Niederberger M, Ginès P, Martin P Y, St John J, Woytaszek P, Xu L, Tsai P, Nemenoff R A, Schrier R W
Department of Medicine, University of Colorado School of Medicine, Denver, USA.
Hepatology. 1998 Jan;27(1):42-7. doi: 10.1002/hep.510270108.

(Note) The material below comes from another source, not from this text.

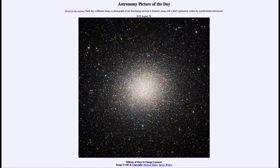So it tells us something about the early evolution of our galaxy — that it may have collapsed from something that was much larger and more spherical down into the disk that we see today. And we can learn that by studying this type of cluster.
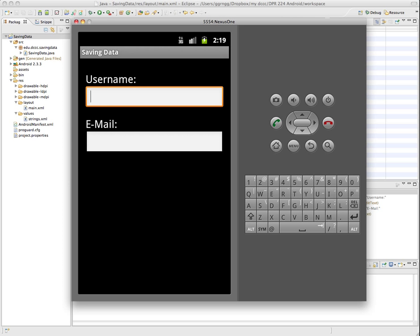Okay, so there'll be times in developing your Android applications that you'll want to save certain information in between launches, or you may want to save information in your app before it exits or closes.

Indirect evidence suggests that the renal and vascular production of prostaglandins is increased in cirrhosis with ascites. However, the activity of the enzymes regulating the prostaglandin pathway has not been investigated in cirrhosis. The aim of the current study was to determine the activity of phospholipase A2 (PLA2), the key enzyme in the regulation of prostaglandin synthesis, in kidney and vascular tissue obtained from rats with carbon tetrachloride-induced cirrhosis and ascites (n = 9) and control rats (n = 6). PLA2 activity was assayed in vitro using [14C]arachidonyl-phosphatidylcholine (PC) and [14C]arachidonyl-phosphatidylethanolamine (PE) as substrates in the presence of Ca2+. Kidneys from cirrhotic rats had significantly higher PLA2 activity compared with control rats, with both PC and PE (35 +/- 5 and 40 +/- 6 vs. 21 +/- 2 and 26 +/- 3 pmol/mg/min, respectively; P < .05 for both). PLA2 activity was increased in the renal cortex as well as in the renal medulla. Fractionation of the kidney extracts by Mono-Q anion-exchange chromatography showed that the elution position of PLA2 activity corresponded to the cytosolic PLA2 isoform (cPLA2). Increased amounts of cPLA2 protein were found in kidney extracts immunoblotted with an anti-cPLA2 antibody However, reverse-transcriptase polymerase chain reaction (RT-PCR) analysis did not detect any difference in cPLA2 mRNA. PLA2 activity was also higher in aortic tissue from cirrhotic rats than in controls (PC 38 +/- 5 vs. 26 +/- 1 and PE 66 +/- 8 vs. 41 +/- 3 pmol/mg/min; P < .05 for both). Incubation of renal and aortic extracts from cirrhotic rats with anti-cPLA2 antibody reduced PLA2 activity by 64% and 88%, respectively. In conclusion, PLA2 activity is increased in kidneys and vascular tissue from cirrhotic rats with ascites. This can be accounted for by an induction of cPLA2, which would mediate, at least in part, the increased renal and vascular production of prostaglandins in cirrhosis.
间接证据表明,肝硬化腹水患者肾脏和血管中前列腺素的生成增加。然而,尚未对肝硬化患者中调节前列腺素途径的酶的活性进行研究。本研究的目的是测定从四氯化碳诱导的肝硬化腹水大鼠(n = 9)和对照大鼠(n = 6)获取的肾脏和血管组织中磷脂酶A2(PLA2)的活性,PLA2是调节前列腺素合成的关键酶。在Ca2+存在的情况下,使用[14C]花生四烯酰磷脂酰胆碱(PC)和[14C]花生四烯酰磷脂酰乙醇胺(PE)作为底物,体外测定PLA2活性。与对照大鼠相比,肝硬化大鼠的肾脏具有显著更高的PLA2活性,PC和PE均如此(分别为35±5和40±6对21±2和26±3 pmol/mg/min;两者P均<.05)。肾皮质和肾髓质中的PLA2活性均增加。通过Mono-Q阴离子交换色谱对肾脏提取物进行分级分离表明,PLA2活性的洗脱位置对应于胞质型PLA2同工型(cPLA2)。在用抗cPLA2抗体进行免疫印迹的肾脏提取物中发现cPLA2蛋白量增加。然而,逆转录酶聚合酶链反应(RT-PCR)分析未检测到cPLA2 mRNA有任何差异。肝硬化大鼠主动脉组织中的PLA2活性也高于对照组(PC 38±5对26±1,PE 66±8对41±3 pmol/mg/min;两者P均<.05)。用抗cPLA2抗体孵育肝硬化大鼠的肾脏和主动脉提取物分别使PLA2活性降低64%和88%。总之,肝硬化腹水大鼠的肾脏和血管组织中PLA2活性增加。这可以通过cPLA2的诱导来解释,cPLA2至少部分介导了肝硬化中肾脏和血管前列腺素生成的增加。